And Rory McElroy backed off.
One of them showed,
Can you take it, Rory?
And then they started squeezing Thai docks making them.
I mean, compared to English football,
it's baby steps of verbal abuse.
It's still for them.
It's still things.
It's a long learning.
I don't think they have the wanker sign in America.
No.
No, they don't.
I mean, that's really limited to your competitor of you.
It's like missing a vowel in your alphabet.
Oh, man, it is, though.
I mean, if you're into abuse to not have the wanker sign at your fingertips, so to speak.
Do you think there's a sort of group of American sports fans doing a sort of lab,
sitting there's got to be a way we can imply masturbation.
Yeah, exactly.
God, if only you had a hand gesture.
I never really like doing that because I always think...
You're right.
Yeah, no, I just choked on the...
Because you swore and you used an expletive.

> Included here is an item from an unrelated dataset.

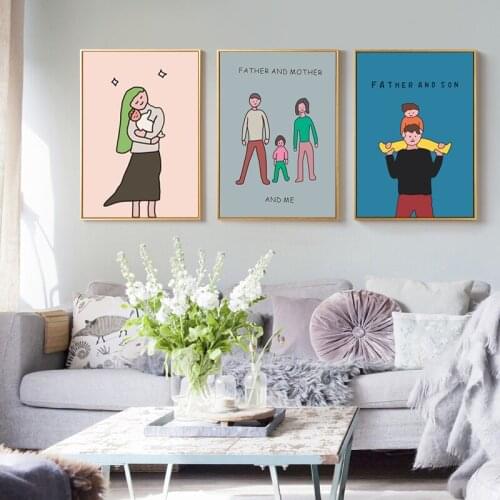 Modern Cartoon Family Father Daughter Mother Picture Wall Art Canvas Painting Posters Prints for Bedroom Home Living room Decor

But I never liked doing that sign, Frank,
because I felt that people were perhaps secretly judging me on my technique.
Yeah, I...
I must have me.
I did, I think, well, they look at me and think she's rubbish.
I didn't do it because it felt like rank hypocrisy.
But anyway, I was there.
I was whooping.
I was watching it on my own.
Obviously, my family don't want to watch the rider cop.
So I'm there.
I'm whooping.
A very intelligent people.
When a European podcast, I'm staying up till, you know, late at night, watching it.

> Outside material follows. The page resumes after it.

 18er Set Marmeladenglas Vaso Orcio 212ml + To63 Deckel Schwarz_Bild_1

And really, so anyway, Europe won on the Sunday.
They got the trophy.
And they held up the trophy.
And I thought, what earth did I see in this?
The spell was broken.
Have I watched this?
And honestly, fell away from me.
Oh, shit, it's fucking golf.
I switched it off.
I haven't read a report.
I haven't looked.
It's absolutely gone.
I just thought, what on earth did I see?
So it's midnight back into a pumpkin.
Exactly.
Gone.
Frank, why do you think you had this sudden vault fast?
Yes, I said vault fast.
Watching it was a vault fast
because I've never been into
I took my son to the driving range
I think I told you recently
I don't know if that triggered anything
I thought you were entering your golf here
but honestly as soon as the trophy went up
I was disgusted
with it and with myself
I'd been obsessed
I've been talking to people
I've been to the rider cop last night
are you going to have to go
apologising to everyone you've spoken to about
I think you should
release a statement through your PR
saying, thanks Skinner would just like it.
It doesn't represent him.
Well, it's, it's, all the American fans went
as soon as it was apparent that they couldn't win.
They all went home.
Maybe it was as soon as the abuse stopped.

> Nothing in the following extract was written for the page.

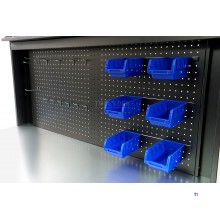 HBM Professional 137 cm 3-Ebenen-Werkbank aus Stahl mit Schublade und Rückwand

I was going to say, is you in a football fan
just think, if Americans are shouting
and being rowdy in a crowd against a team,
I'm in, and I'm supporting that team against them.
No, I know what it is.
I think maybe it was that.
I know what it is.
I know this old code.
I think it's because you liked being the underdog
and you liked, I think you were disappointed when you're at one.
That's what I think you didn't like.
You didn't want to be on the winning side.
It was a bit Man United.
I really didn't want America to win.
I mean, it was people dressed as Uncle Sam in the crowd.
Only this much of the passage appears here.